- [WHAT THE TASK ASKS]:
Return the line that has "ACC Monitor Module" and all lines below it through the last, exactly as they stand; omit pictures.

- [DATA]:
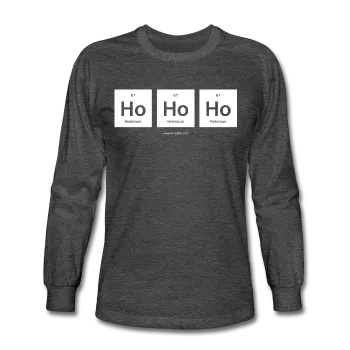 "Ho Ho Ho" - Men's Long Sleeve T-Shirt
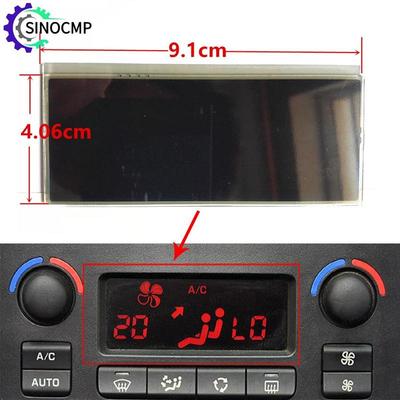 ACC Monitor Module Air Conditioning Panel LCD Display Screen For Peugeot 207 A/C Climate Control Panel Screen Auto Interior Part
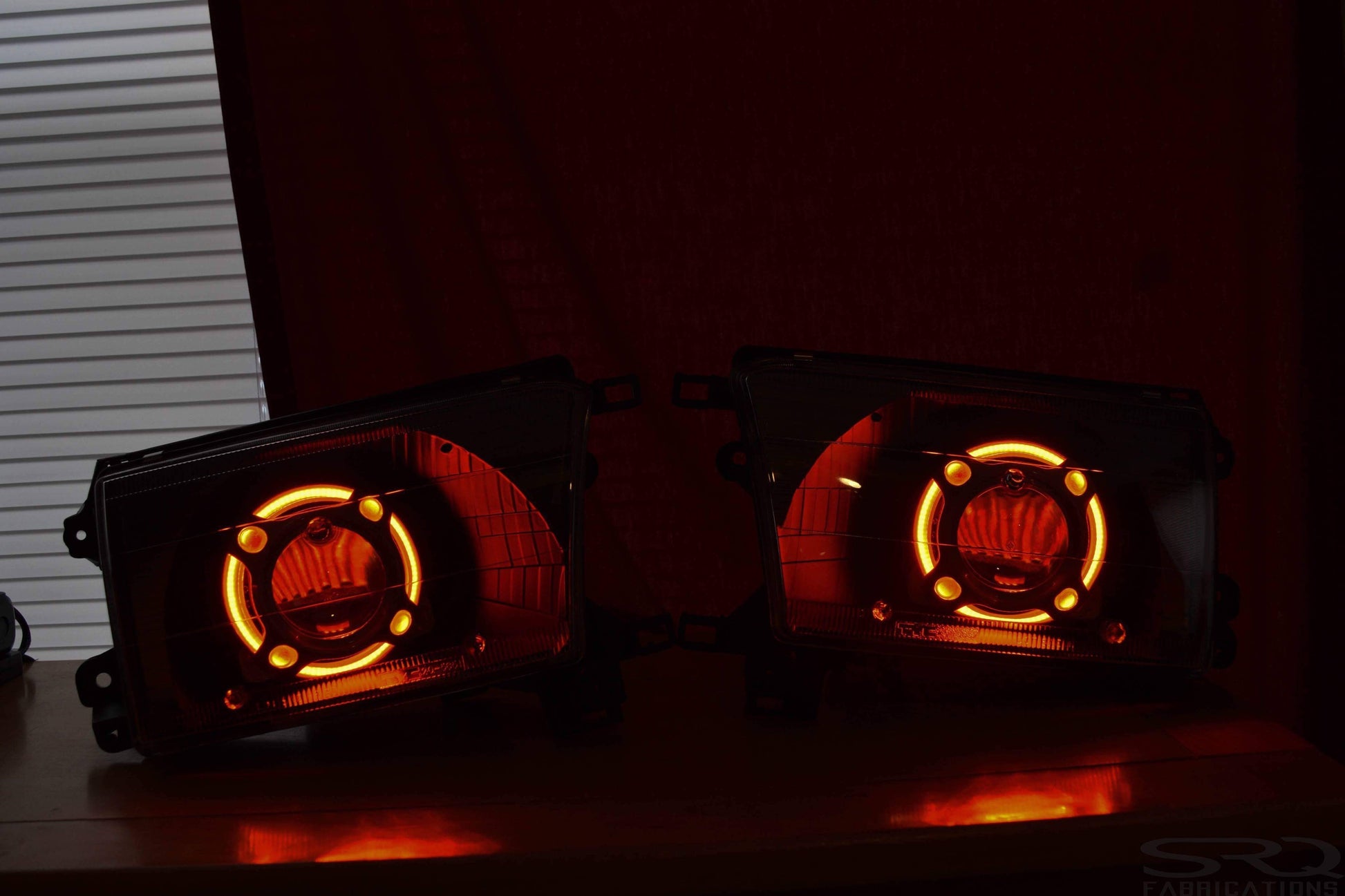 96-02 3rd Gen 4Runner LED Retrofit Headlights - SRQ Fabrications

- [RESPONSE]:
 ACC Monitor Module Air Conditioning Panel LCD Display Screen For Peugeot 207 A/C Climate Control Panel Screen Auto Interior Part
 96-02 3rd Gen 4Runner LED Retrofit Headlights - SRQ Fabrications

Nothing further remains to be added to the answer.